Chinese automakers add more market share despite heavy investments by foreign companies
The heated battle for auto market share in China continues to be a major focus as foreign automakers struggle to keep up with domestic giants and upstarts.
Foreign automakers’ market share of auto sales in China slipped to 33% in July from 53% in the same month two years earlier, according to data from the China Passenger Car Association. The trend is even more pronounced in the electric vehicle sector, where support from the Chinese government has helped buoy local automakers. In August, deliveries growth by ZEEKR Intelligent (ZK) (+46% Y/Y), BYD Companies (+36%), Li Auto (NASDAQ:LI) (+36%), NIO (+4.4%), and XPeng (NYSE:XPEV) (+2.5%) stood out. While most of those deliveries were made within China, the continued growth is an indication that Chinese EV makers are standing up to regulatory challenges imposed by the U.S., the European Union, and Canada.
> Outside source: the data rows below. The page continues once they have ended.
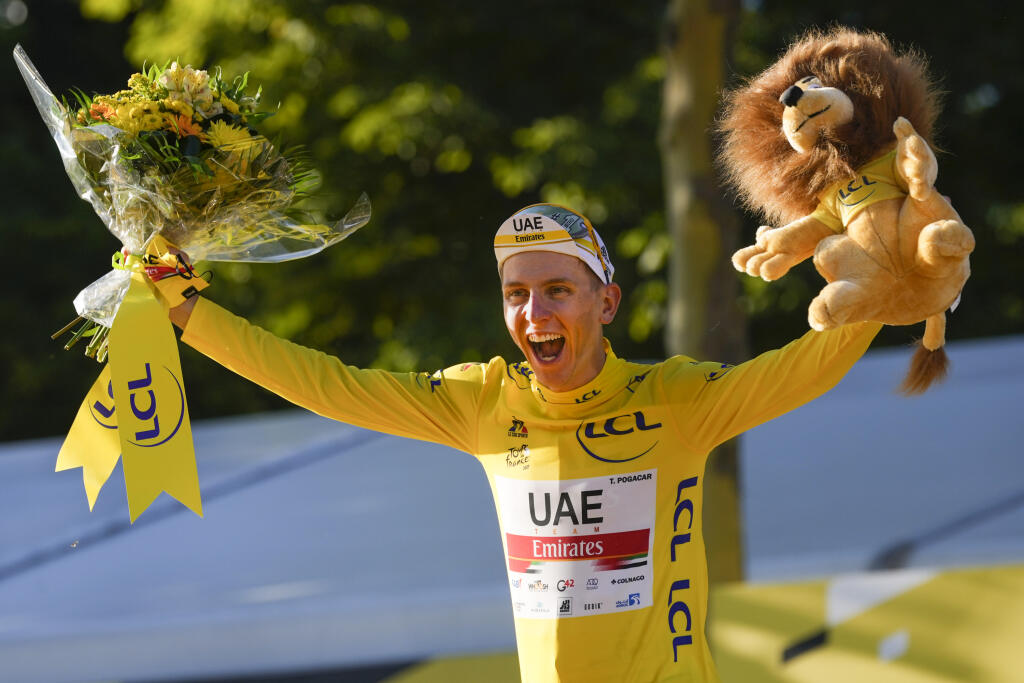 Na snímke slovinský cyklista Tadej Pogačar (UAE-Team Emirates) oslavuje víťazstvo v celkovom poradí po záverečnej 21. etape pretekov Tour de France v Paríži.
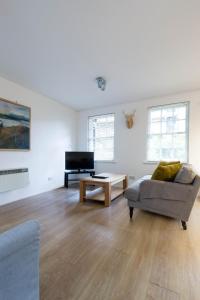 Modern Grassmarket Apartment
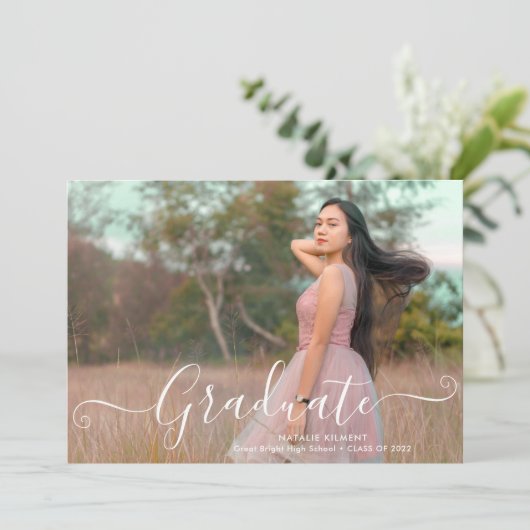 White Script Modern Graduate Foto Abschluss Ankündigung (Stehend Vorderseite)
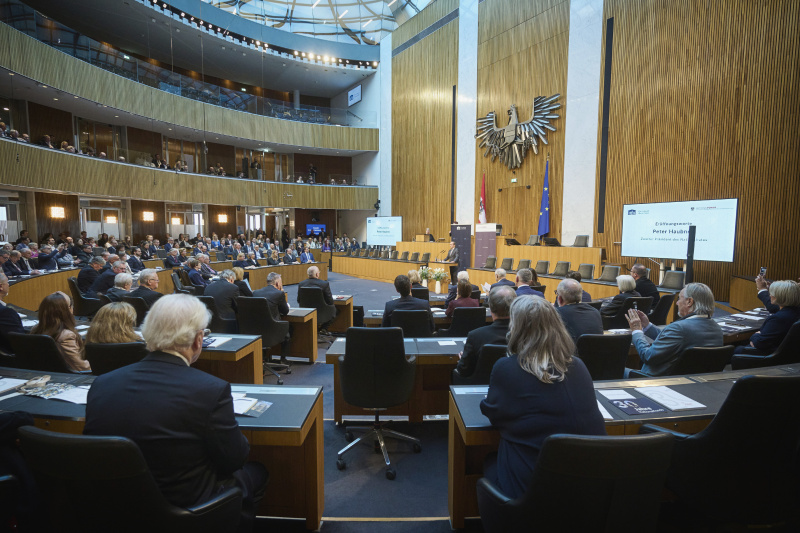 Eröffnungsworte Zweiter Nationalratspräsident Peter Haubner (ÖVP). Blick Richtung Veranstaltungsteilnehmerinnen und -teilnehmer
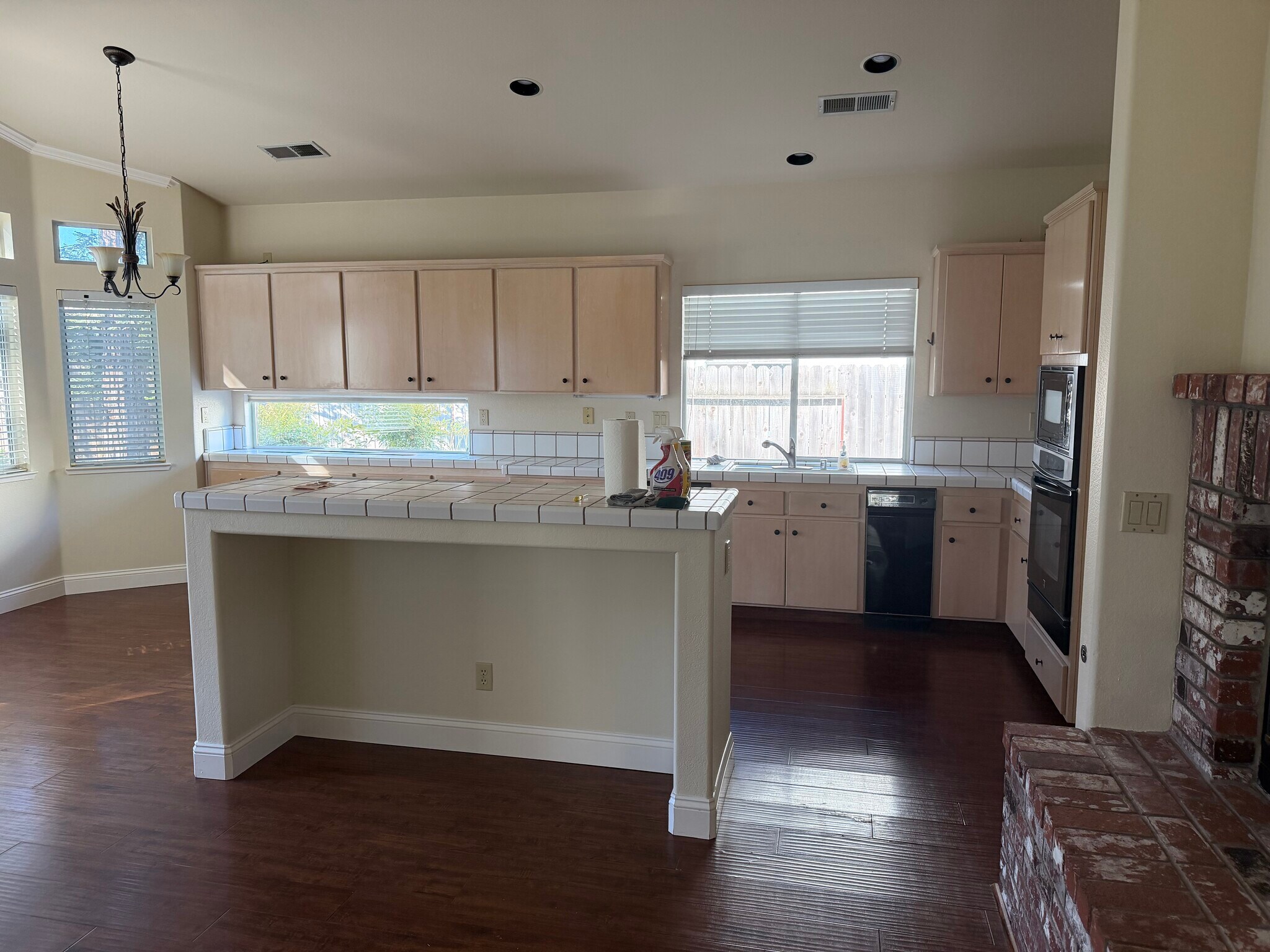 Building Photo - 4933 Charter Rd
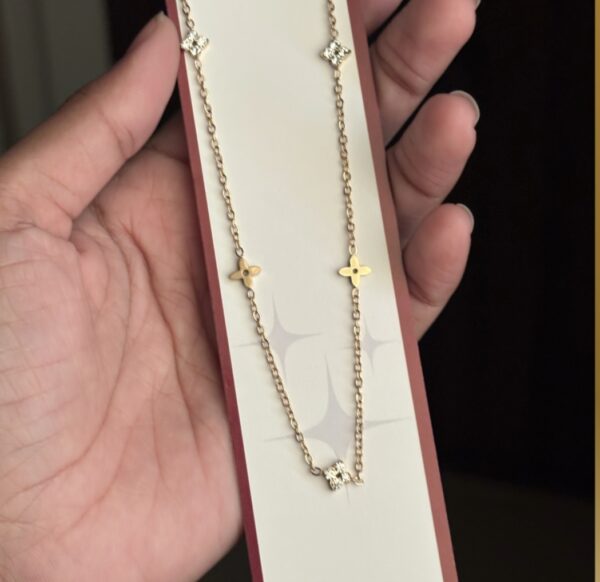 Elegant Chain with stones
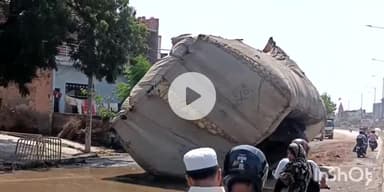 बागपत: सिसाना गांव स्थित हाईवे पर जल भराव के कारण गड्ढों में भूसे से भरा ट्राला पलटा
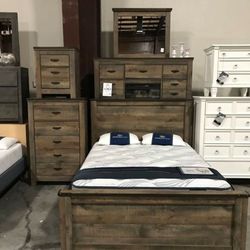 Trinell Brown Panel Bedroom Set (Queen and King Bed Frame)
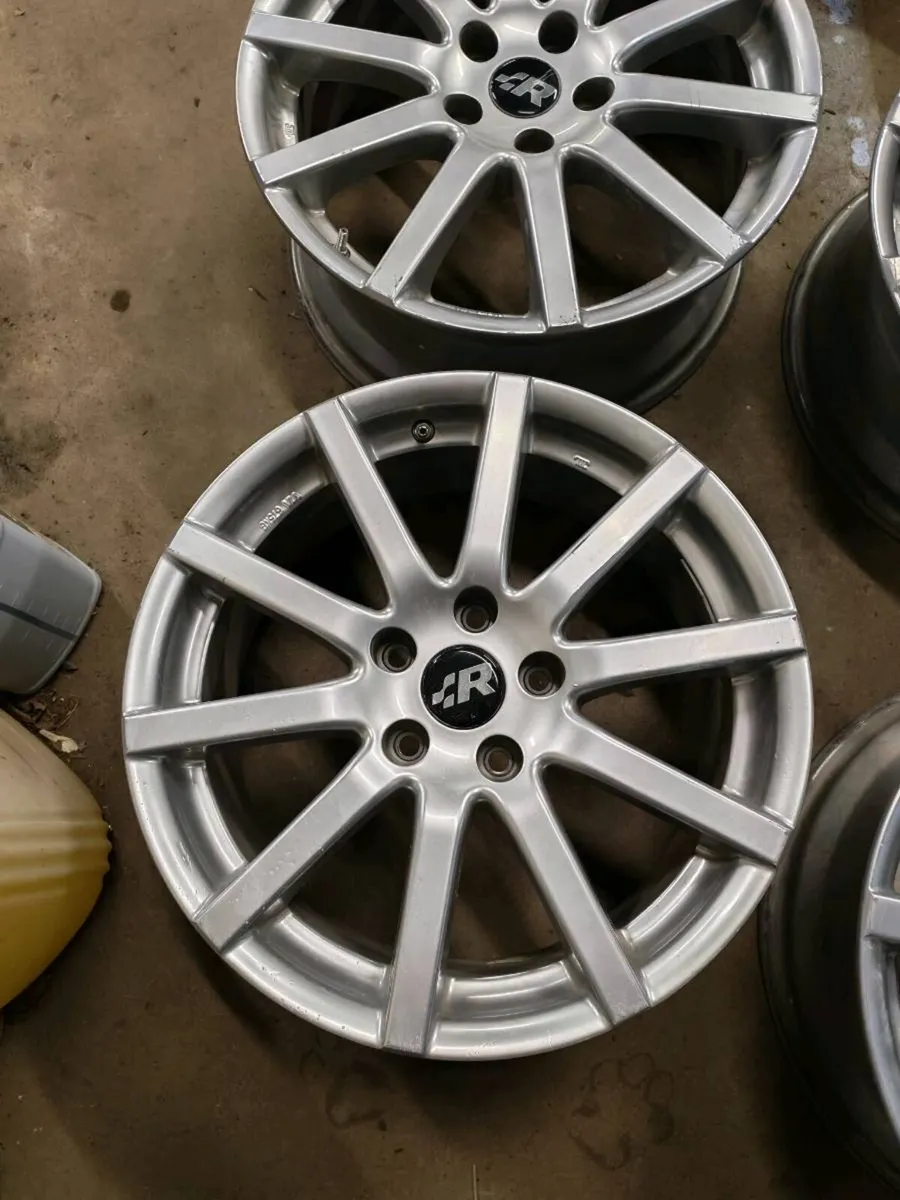 Rare Volkswagen Golf R32 Alloys - Image 2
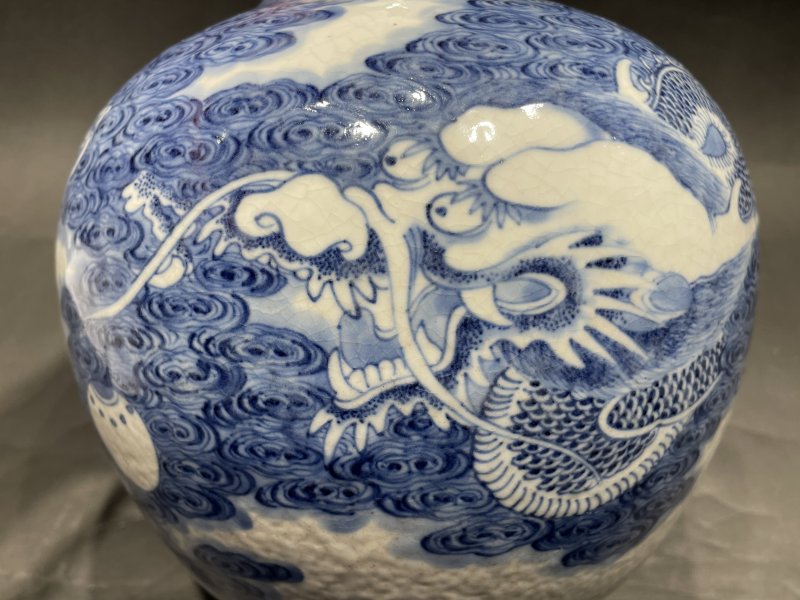 清乾隆 浆胎青花云龙七现天球瓶 - 图7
BYD Company (OTCPK:BYDDF) is the clear electric vehicle market share leader in China, with more than 30% of the market on a year-to-date basis. The other major competitors are Tesla (TSLA), GAC Aion, SAIC Motor, Changan, Li Auto (LI), NIO (NYSE:NIO), Geely Automotive (OTCPK:GELYF), XPeng (XPEV), and Great Wall Motor. Through EV partnerships, BMW (OTCPK:BMWYY), Volkswagen (OTCPK:VLKAF), Mercedes-Benz (OTCPK:MBGAF), General Motors (NYSE:GM), Honda Motor (HMC), and Ford Motor (F) are also active in the Chinese market, but have failed, for the most part, to keep up with the growth rates of the domestic players.
On Wall Street, JPMorgan upgraded XPeng (XPEV) on Thursday to an Overweight rating after having it slotted at Neutral. The firm thinks that new models in Q4 will help boost deliveries once again. “That said, we believe the share price of XPeng, as well as its Chinese peers, will be sensitive to volume and new model momentum,” noted analyst Nick Lai.
The intense competition in China for auto market share has led to lower prices and thin margins, although NIO’s (NIO) Q2 earnings report released on Thursday showed a sequential and year-over-year improvement in margins.
Interestingly, the only auto stock that has a consensus Buy rating with Seeking Alpha analysts and Wall Street analysts, as well as a Seeking Alpha Quant Rating of Buy, is General Motors (GM). That is despite GM’s (GM) share price already being up 34% on a year-to-date basis.